On Friday I received the results of my blood work. Everything came back negative and/or in normal ranges. So long story short- I still don’t have answers.
It’s now been a week since the race and I’m finally back to feeling like my old self. The more I think about what happened the more I think my body was still holding on to a little bit of the sickness I had earlier in the week before the marathon. I think it weakened my body, causing me to be more susceptible to dehydration and electrolyte imbalance (despite me diligently followed my fuel and hydration plan). That combined with some of the race conditions- mainly crazy amounts of wind- drained my energy and eventually came to a head, and my body just shut down at mile 21. I am also assuming that all of that stress on my body caused my other issues that happened after the race was over.
In addition to trying to figure out what went wrong with my body I’ve done a lot of reading this week- looking for fellow bloggers’ DNF posts and people with similar experiences. It was extremely comforting to know that I am not alone in the DNF club, and many of the posts by my fellow runners were so similar to mine that I felt like I could have written it myself. I found this article about how to know when to quit a race and what can cause it. It’s basically a thread conversation between different runners. The original author agrees with what I said in my recap post, that there is a difference between pushing yourself and going too far. He says a few of the signs that your body is approaching the point of real bodily damage are nausea, vomiting and dry heaving, inability to take deep breaths, inability to maintain body temperature and uncontrollable shaking- in addition to others- but these are three of the symptoms I experienced. He is an ultra-runner, but what he says is applicable to other race distances as well. Reading this reassured me that I was smart to stop and I was thankful I was able to listen to these messages my body was sending me.

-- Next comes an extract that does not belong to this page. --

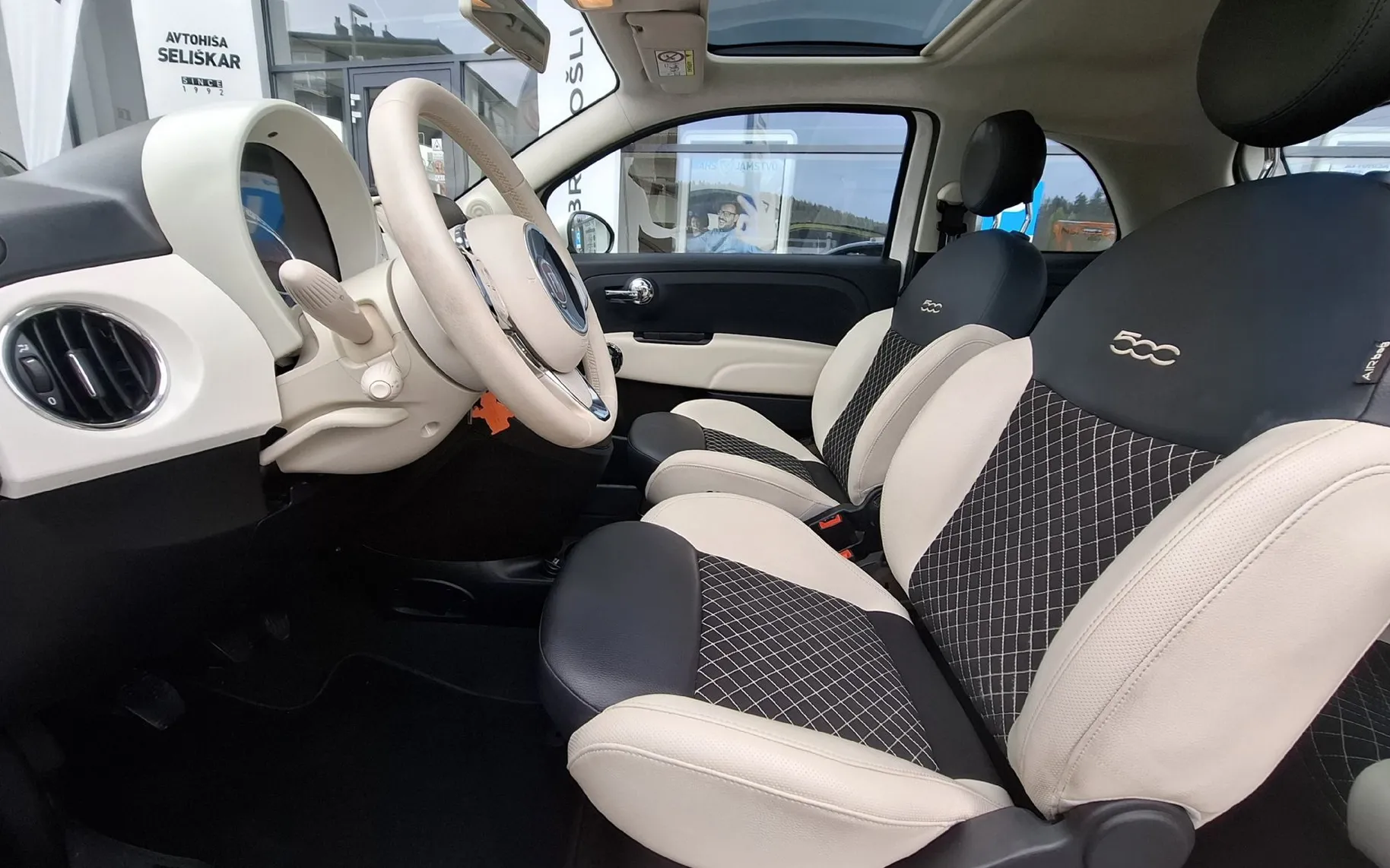 Zunanja slika - Fiat 500 - 1.0 GSE Dolcevita MHEV - PANORAMA-DAB-ISOFIX - 11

I liked what he said here: “The problem we face is this: We are too often controlled by our brain and not our body. We can trick our brains into believing almost anything, so if we use our brain as a measure of when to push or when to quit, we risk making the wrong decision. The body is smarter than our brains think it is.”
So it’s clear my body shut down. But why did it happen? As far as the reasons why most runners end of DNFing, one person shared the following.

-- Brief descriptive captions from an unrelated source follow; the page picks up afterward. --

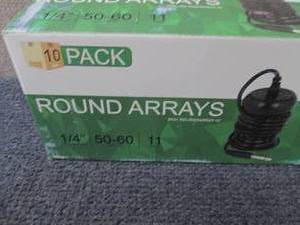 lot 117 image: 10 Pack My Detox Foot Bath Round Ar...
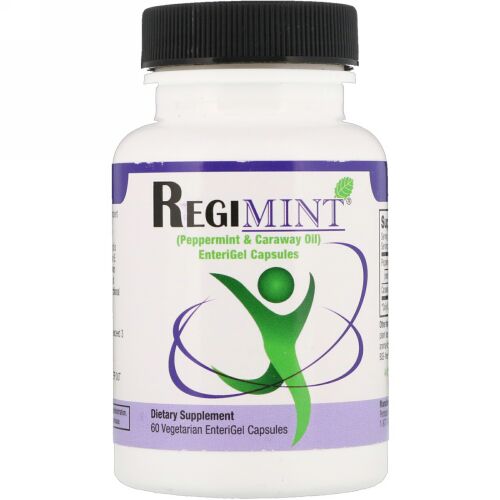 Life Extension, RegiMint, 60 Vegetarian EnteriGel Capsules (Discontinued Item)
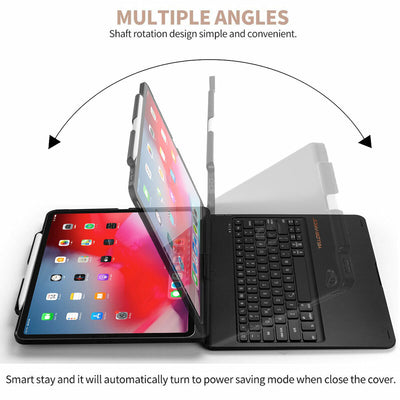 Wireless Keyboard Case For iPad Air 3rd Generation (A2152, A2123, A2153, A2154)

- Going out too fast. [Nope- the pace I was running was exactly what I had practiced all throughout my training and felt comfortable]
- Lack of adequate training going into the race. [I had my strongest training cycle to date with no injuries at all, running faster paces than ever]

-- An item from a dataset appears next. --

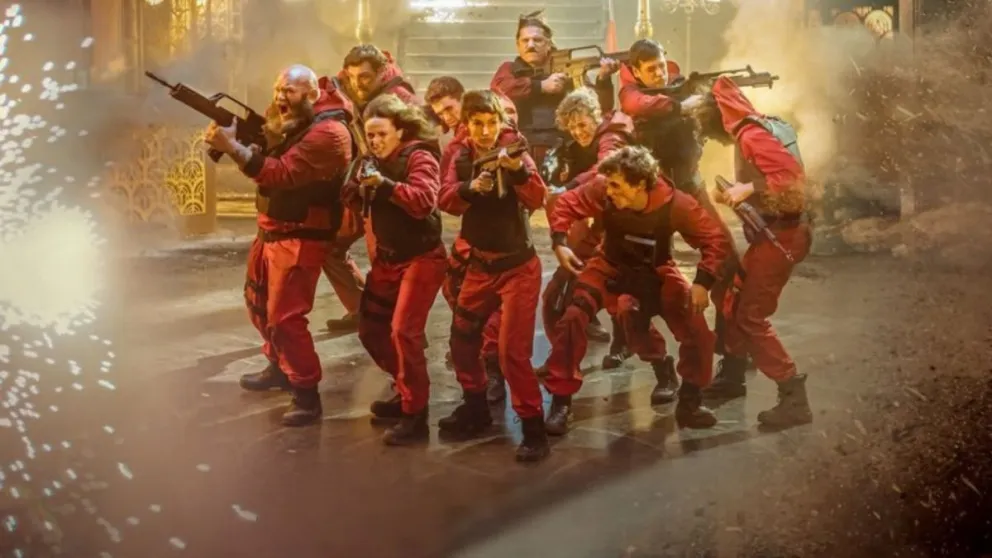 Quiénes son los nuevos personajes de La casa de papel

- Lingering injury or illness. [YES- I had a sore throat, cough, congestion and fatigue that started on Sunday the week before the race. I took medicine hydrated and slept a ton to fight if off and felt fine by Thursday]
- Traumatic injury during the event. (such as tripping and spraining an ankle) [None]
- Other reasons not listed.
In conclusion, my best guess is that all of this happened because of my sickness in the week leading up to the race, plus a few of the race conditions that were not ideal. Whatever the reason was, it just wasn’t my day in Myrtle Beach last weekend and that’s okay. Things happen for a reason. There was a reason why I didn’t finish the race, and I know there will be better things coming.
So here I sit a week later. I am not injured. I feel healthy again. I ran for the first time since the race this morning with my two Kevins. It was 60 degrees and absolutely beautiful outside. We ran an easy 3 miles and I loved every single second of it. I felt amazing.
I am still trained to run a marathon. I feel like I have unfinished business to take care of. But I still don’t know where to go from here. I have a couple local options if I want to make another marathon attempt. There is one in two weeks in Maryland and one in three weeks in DC- both would be new states for me. But I am still not sure if I want to, if I should, if I have it in me physically and mentally to try again. I guess we will see…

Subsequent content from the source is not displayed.